Sementara itu, kata insan terambil dari kata ins yang berarti jinak, harmonis, dan tampak. Musa Asy’arie menambahkan bahwa kata insan berasal dari tiga kata: anasa yang berarti melihat, meminta izin, dan mengetahui; nasiya yang berarti lupa; dan al-uns yang berarti jinak.

Dalam Al-Qur’an, kata insaan disebut sebanyak 65 kali. Kata insaan digunakan Al-Qur’an untuk menunjuk kepada manusia dengan seluruh totalitasnya, jiwa dan raga. Bahkan, lebih jauh Bintusy Syathi’ menegaskan bahwa makna kata insaan inilah yang membawa manusia sampai pada derajat yang membuatnya pantas menjadi khalifah di muka bumi, menerima beban takliif dan amanat kekuasaan.

Dua kata ini, yakni basyar dan insaan, sudah cukup menggambarkan hakikat manusia dalam Al-Qur’an. Dari dua kata ini, kami menyimpulkan bahwa definisi manusia adalah makhluk Allah yang paling sempurna, yang diciptakan secara bertahap, yang terdiri atas dimensi jiwa dan raga, jasmani dan rohani, sehingga memungkinkannya untuk menjadi wakil Allah di muka bumi (khaliifah Allah fii al-ardl).

Asal-Usul Penciptaan Manusia

Al-Qur’an telah memberikan informasi kepada kita mengenai proses penciptaan manusia melalui beberapa fase: dari tanah menjadi lumpur, menjadi tanah liat yang dibentuk, menjadi tanah kering, kemudian Allah swt. meniupkan ruh kepadanya, lalu terciptalah Adam a.s. Hal ini diisyaratkan Allah dalam Surah Shaad [38] ayat 71-72.

إِذْ قَالَ رَبُّكَ لِلْمَلَائِكَةِ إِنِّي خَالِقٌ بَشَرًا مِنْ طِينٍ . فَإِذَا سَوَّيْتُهُ وَنَفَخْتُ فِيهِ مِنْ رُوحِي فَقَعُوا لَهُ سَاجِدِينَ .

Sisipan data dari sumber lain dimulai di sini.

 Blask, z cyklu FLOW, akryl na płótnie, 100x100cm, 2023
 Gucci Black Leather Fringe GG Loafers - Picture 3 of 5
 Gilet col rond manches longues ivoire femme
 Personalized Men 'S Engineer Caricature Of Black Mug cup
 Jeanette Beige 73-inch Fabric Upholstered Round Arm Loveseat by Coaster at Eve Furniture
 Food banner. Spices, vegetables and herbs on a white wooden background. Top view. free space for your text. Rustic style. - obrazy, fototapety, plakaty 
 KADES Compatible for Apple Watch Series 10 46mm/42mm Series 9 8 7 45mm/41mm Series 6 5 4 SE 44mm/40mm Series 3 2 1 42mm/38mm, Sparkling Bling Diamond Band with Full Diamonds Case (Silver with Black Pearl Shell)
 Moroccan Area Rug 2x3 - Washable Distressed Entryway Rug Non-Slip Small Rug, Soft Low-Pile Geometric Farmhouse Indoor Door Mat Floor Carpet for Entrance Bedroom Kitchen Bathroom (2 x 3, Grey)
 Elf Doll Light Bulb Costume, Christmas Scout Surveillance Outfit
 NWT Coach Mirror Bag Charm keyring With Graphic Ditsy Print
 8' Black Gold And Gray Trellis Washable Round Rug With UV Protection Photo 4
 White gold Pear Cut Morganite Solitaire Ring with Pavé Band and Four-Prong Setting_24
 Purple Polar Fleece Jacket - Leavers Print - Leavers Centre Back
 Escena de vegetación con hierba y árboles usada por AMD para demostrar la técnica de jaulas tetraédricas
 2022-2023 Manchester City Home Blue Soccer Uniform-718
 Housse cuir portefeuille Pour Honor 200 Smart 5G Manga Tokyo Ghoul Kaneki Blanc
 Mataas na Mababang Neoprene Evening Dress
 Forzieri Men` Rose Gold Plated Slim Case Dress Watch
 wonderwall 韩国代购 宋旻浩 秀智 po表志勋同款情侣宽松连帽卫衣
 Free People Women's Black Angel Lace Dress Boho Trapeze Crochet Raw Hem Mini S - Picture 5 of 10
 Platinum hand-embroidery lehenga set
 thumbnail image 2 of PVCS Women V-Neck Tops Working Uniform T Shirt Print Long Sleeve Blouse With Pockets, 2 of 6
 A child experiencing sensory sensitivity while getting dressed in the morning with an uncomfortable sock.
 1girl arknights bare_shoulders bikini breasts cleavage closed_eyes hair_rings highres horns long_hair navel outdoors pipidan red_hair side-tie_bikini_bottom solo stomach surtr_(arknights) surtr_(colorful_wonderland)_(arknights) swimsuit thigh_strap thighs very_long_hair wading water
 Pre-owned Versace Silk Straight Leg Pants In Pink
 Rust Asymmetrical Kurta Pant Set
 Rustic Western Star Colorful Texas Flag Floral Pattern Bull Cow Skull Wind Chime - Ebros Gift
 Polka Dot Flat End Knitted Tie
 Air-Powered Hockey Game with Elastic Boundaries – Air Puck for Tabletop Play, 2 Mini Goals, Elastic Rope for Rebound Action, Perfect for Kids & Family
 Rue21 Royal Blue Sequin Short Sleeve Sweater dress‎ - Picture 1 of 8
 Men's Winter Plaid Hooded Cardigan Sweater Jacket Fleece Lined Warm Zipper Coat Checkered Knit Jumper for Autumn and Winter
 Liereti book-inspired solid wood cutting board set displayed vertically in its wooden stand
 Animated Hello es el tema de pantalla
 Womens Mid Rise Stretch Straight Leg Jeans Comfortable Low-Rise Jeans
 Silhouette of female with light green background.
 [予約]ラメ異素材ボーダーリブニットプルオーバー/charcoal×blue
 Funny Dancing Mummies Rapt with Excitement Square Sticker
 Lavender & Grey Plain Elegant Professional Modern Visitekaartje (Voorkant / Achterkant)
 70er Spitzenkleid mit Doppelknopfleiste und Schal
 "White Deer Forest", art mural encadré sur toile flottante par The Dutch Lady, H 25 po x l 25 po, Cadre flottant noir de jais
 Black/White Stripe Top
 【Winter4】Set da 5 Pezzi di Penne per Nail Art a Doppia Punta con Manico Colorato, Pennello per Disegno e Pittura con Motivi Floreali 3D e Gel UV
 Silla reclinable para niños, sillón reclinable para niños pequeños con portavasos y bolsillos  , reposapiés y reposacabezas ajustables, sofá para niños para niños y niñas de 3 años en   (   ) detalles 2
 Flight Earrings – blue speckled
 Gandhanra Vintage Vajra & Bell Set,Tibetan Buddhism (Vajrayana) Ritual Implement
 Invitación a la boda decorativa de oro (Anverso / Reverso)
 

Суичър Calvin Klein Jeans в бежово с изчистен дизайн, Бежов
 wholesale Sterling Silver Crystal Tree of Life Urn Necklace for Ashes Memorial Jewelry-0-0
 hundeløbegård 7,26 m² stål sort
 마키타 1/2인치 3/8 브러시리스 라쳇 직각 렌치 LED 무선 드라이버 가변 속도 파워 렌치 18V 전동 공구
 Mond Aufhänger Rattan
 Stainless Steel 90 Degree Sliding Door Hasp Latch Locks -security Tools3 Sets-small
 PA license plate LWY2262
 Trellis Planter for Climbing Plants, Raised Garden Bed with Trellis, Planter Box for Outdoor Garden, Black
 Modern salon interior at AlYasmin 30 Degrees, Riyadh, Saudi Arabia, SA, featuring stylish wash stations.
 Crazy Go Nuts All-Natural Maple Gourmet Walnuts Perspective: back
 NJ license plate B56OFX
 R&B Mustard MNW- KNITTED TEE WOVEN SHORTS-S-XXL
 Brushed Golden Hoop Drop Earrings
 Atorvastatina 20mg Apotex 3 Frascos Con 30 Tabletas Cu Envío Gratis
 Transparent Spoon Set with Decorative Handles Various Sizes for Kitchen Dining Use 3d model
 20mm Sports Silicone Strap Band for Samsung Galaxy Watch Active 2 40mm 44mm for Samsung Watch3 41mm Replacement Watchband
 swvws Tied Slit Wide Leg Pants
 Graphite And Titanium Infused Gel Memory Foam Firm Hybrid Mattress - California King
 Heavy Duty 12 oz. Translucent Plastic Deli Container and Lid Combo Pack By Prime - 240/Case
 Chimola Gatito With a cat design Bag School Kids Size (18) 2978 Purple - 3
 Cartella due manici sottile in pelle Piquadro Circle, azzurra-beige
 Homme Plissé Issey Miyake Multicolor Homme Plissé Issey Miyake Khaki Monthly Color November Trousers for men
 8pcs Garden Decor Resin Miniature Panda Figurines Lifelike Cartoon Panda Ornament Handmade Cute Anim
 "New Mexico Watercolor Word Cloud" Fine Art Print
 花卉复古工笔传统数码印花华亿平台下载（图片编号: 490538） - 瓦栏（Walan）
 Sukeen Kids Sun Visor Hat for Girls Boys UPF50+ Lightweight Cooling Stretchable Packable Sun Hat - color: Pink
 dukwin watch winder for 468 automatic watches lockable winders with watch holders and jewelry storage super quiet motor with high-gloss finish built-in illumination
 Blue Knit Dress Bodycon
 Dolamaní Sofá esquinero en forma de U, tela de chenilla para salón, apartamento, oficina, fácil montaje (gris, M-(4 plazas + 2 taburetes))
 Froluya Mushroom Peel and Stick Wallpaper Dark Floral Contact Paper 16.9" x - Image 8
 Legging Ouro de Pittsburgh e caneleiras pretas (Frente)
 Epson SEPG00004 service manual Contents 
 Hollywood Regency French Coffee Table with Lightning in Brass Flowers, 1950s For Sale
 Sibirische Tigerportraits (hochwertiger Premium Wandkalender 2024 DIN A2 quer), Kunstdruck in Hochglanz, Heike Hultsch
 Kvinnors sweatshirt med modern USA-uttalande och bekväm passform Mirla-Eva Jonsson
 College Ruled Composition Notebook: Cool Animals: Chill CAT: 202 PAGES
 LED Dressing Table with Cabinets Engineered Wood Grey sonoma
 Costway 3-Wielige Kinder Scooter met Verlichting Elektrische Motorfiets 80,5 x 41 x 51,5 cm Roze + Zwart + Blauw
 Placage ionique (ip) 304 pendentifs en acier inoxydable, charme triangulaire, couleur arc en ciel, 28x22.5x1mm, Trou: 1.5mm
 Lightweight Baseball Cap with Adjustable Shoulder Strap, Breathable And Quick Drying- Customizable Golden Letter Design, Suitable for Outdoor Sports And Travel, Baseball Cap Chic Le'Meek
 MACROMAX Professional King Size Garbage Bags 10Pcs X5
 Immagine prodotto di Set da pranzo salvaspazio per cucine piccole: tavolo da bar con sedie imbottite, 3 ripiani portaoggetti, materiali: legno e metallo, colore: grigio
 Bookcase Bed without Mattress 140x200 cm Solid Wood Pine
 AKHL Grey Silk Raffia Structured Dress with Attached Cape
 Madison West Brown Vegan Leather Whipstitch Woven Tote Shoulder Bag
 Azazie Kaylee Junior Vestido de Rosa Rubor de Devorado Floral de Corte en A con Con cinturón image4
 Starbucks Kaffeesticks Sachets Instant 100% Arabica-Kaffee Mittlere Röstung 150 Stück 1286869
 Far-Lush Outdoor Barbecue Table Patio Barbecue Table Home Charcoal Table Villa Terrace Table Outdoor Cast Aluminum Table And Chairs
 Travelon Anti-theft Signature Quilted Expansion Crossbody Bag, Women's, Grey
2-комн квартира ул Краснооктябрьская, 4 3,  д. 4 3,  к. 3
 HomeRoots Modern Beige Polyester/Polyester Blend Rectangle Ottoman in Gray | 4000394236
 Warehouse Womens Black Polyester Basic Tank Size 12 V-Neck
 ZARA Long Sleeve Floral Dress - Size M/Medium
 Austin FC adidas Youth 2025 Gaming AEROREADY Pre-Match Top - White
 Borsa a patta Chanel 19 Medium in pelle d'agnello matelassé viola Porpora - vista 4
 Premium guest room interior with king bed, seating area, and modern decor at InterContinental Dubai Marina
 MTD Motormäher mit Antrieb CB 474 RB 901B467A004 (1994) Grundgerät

(Ingatlah) ketika Tuhanmu berfirman kepada malaikat, “Sesungguhnya Aku akan menciptakan manusia dari tanah. Maka, apabila telah Kusempurnakan kejadiannya dan Kutiupkan kepadanya ruh (ciptaan)-Ku, maka hendaklah kamu menyungkur dengan bersujud kepadanya.” (Q.S. Shaad [38]: 71-72.)

Perhatikan juga firman Allah dalam Surah al-H{ijr [15] ayat 28-29.

وَإِذْ قَالَ رَبُّكَ لِلْمَلَائِكَةِ إِنِّي خَالِقٌ بَشَرًا مِنْ صَلْصَالٍ مِنْ حَمَإٍ مَسْنُونٍ . فَإِذَا سَوَّيْتُهُ وَنَفَخْتُ فِيهِ مِنْ رُوحِي فَقَعُوا لَهُ سَاجِدِينَ .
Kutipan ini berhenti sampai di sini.